(EXERCISE INPUTS begins)

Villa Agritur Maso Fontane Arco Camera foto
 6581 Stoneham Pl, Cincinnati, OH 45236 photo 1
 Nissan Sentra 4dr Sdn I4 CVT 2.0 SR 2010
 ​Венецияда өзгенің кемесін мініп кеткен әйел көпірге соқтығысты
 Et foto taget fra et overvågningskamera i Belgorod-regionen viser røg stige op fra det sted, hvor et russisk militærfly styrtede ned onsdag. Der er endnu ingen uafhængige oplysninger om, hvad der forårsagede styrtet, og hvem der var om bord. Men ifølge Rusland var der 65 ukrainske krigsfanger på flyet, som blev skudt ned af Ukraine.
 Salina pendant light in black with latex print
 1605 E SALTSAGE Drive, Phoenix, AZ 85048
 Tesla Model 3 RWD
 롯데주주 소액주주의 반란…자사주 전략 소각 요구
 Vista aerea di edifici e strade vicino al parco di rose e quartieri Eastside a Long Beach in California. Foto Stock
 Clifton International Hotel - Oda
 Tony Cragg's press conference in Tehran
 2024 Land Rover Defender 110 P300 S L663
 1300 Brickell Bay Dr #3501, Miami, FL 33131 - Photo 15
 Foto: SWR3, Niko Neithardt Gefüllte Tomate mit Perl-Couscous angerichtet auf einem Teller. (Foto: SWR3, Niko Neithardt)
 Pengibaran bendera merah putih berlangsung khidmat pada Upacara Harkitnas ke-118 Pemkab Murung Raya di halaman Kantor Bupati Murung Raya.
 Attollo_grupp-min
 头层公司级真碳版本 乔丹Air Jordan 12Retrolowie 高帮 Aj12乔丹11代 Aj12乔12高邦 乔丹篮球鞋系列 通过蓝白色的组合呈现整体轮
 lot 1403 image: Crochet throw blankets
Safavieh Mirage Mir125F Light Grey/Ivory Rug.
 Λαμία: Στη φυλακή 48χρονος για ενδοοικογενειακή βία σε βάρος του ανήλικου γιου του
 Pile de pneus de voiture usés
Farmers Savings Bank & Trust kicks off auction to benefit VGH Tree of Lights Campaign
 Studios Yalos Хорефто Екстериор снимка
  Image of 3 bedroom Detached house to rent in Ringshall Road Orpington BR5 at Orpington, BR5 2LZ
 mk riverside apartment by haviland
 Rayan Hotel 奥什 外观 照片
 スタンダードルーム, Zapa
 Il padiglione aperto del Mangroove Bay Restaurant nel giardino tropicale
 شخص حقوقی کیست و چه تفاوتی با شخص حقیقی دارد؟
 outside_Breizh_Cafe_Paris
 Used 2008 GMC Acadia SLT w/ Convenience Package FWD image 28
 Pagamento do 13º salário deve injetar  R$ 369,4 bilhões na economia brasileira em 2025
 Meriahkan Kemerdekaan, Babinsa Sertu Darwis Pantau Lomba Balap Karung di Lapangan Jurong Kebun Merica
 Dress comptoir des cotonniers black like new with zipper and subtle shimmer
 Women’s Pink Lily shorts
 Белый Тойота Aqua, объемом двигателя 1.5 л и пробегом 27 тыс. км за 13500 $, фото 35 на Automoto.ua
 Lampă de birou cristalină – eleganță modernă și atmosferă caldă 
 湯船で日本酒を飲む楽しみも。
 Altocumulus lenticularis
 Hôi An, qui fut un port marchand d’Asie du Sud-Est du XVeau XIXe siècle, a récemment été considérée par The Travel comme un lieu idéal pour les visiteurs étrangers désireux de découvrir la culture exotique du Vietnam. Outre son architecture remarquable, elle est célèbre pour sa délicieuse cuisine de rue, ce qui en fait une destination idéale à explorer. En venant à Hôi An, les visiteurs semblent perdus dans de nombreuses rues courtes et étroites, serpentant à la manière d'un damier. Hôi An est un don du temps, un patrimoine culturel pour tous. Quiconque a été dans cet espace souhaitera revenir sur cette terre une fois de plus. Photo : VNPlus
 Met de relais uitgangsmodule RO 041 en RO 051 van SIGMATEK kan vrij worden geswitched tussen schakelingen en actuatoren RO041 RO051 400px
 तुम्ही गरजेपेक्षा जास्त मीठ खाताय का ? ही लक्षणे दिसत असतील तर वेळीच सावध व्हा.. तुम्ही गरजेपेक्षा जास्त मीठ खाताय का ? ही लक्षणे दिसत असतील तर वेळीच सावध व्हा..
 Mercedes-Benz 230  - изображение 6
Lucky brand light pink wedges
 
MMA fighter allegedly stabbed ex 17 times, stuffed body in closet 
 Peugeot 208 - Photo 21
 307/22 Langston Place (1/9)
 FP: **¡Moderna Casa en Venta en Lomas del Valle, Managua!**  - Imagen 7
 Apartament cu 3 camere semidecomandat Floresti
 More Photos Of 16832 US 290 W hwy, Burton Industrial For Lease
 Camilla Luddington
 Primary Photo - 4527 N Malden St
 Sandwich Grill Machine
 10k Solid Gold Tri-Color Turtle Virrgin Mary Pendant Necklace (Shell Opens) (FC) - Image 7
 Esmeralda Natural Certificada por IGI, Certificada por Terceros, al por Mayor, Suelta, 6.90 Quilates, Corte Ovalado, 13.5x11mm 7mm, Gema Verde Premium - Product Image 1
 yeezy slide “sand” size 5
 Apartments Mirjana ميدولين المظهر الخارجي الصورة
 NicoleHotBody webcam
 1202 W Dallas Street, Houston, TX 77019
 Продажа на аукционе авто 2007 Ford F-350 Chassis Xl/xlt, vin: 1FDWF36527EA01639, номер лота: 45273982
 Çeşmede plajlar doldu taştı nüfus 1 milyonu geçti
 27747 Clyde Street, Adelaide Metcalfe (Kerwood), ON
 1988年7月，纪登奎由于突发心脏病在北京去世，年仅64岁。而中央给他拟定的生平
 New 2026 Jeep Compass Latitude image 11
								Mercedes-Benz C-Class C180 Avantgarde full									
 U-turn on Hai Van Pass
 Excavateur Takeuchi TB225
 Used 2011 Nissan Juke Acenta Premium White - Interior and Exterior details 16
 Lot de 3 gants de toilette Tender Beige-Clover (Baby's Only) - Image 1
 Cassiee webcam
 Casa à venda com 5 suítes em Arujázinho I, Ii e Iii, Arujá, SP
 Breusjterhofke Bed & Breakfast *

(EXERCISE INPUTS ends)

:: WORK ORDER ::
Would you copy every line of the entries in which "black" appears?

:: ANSWER SECTION ::
 Salina pendant light in black with latex print
 Dress comptoir des cotonniers black like new with zipper and subtle shimmer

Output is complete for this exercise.